#### DATA UNDER STUDY

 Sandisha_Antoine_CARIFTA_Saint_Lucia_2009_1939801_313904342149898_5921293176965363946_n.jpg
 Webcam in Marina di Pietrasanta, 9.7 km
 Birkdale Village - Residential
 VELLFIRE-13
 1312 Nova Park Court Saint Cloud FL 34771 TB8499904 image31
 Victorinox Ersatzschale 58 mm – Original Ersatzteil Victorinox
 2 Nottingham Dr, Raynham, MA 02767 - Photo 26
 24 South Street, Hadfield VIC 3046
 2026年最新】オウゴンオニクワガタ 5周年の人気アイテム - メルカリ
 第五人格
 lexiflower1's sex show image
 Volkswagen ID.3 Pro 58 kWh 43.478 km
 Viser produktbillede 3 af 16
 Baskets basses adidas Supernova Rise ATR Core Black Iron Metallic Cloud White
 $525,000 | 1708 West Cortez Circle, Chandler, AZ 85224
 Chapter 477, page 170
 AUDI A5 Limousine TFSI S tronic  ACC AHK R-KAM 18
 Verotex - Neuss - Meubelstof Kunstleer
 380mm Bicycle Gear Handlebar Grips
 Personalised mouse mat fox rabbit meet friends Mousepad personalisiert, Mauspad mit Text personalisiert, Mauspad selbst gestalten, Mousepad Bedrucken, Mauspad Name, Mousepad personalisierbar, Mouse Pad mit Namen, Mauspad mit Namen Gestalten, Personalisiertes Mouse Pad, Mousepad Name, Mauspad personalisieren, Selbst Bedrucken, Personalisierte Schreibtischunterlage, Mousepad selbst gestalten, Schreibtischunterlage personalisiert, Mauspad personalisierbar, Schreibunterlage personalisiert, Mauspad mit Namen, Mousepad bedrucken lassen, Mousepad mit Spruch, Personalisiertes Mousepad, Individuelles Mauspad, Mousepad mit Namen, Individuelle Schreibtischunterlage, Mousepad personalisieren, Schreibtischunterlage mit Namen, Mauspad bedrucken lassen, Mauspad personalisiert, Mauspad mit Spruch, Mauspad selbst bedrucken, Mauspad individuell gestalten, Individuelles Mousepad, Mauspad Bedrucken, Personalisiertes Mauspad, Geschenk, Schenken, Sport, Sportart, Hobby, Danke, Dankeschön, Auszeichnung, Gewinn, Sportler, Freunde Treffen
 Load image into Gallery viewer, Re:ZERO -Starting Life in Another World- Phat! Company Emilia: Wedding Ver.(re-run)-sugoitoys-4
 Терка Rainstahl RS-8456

########

- [WHAT YOU WILL DO]:
What lines of the listing contain the word "Cloud"? Copy them all.

- [REPLY]:
 1312 Nova Park Court Saint Cloud FL 34771 TB8499904 image31
 Baskets basses adidas Supernova Rise ATR Core Black Iron Metallic Cloud White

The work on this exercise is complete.